Supplied records:
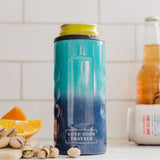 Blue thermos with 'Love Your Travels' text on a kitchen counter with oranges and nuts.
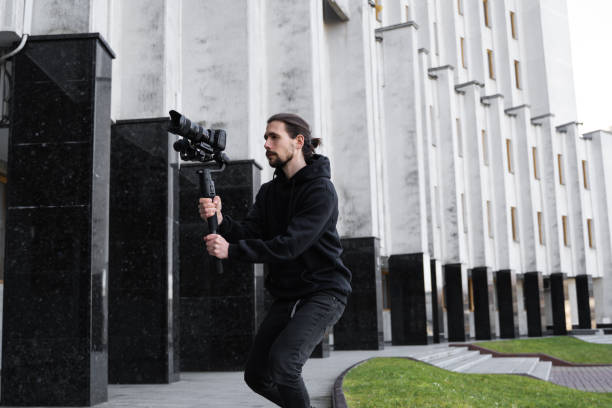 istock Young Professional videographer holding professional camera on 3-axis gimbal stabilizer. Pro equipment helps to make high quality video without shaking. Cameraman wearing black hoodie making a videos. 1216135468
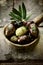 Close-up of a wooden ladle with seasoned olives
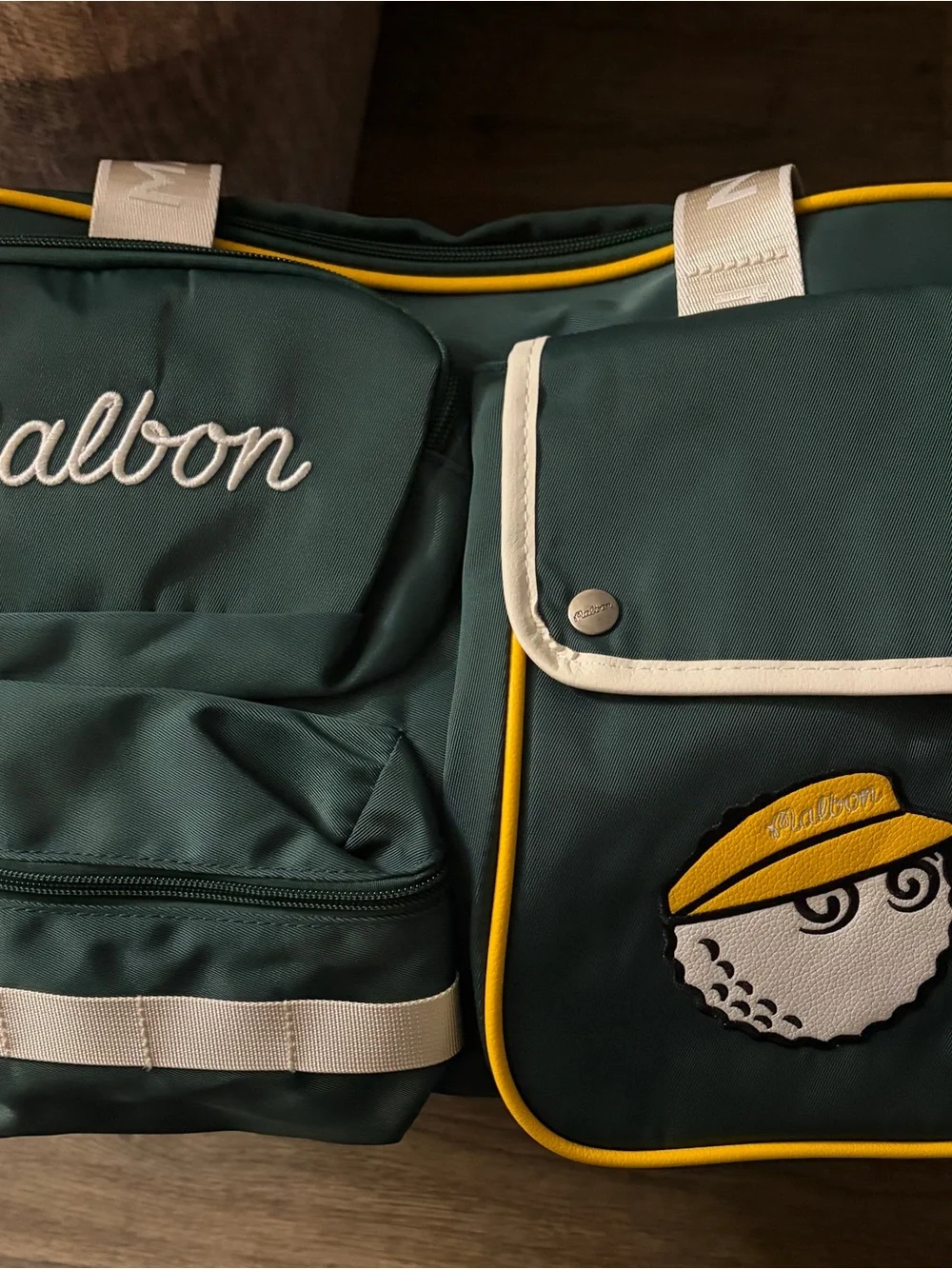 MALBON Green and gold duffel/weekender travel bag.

==

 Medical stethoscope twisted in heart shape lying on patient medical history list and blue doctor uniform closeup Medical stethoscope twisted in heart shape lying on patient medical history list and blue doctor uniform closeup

--

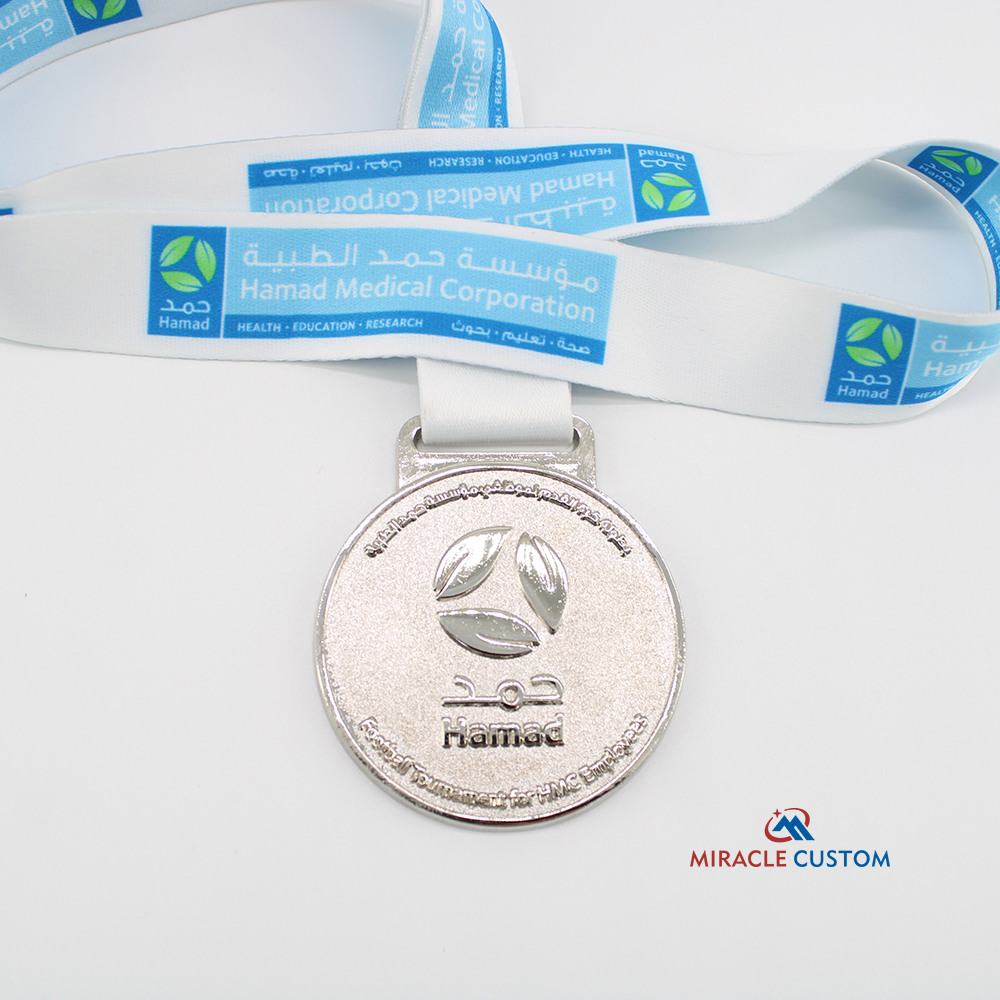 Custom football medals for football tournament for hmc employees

Work instructions: Exact copy, pictures excluded: every line above from the one containing "Close-up of a" to the one containing "MALBON Green and", inclusive, and nothing more.

Completed task:
 Close-up of a wooden ladle with seasoned olives
 MALBON Green and gold duffel/weekender travel bag.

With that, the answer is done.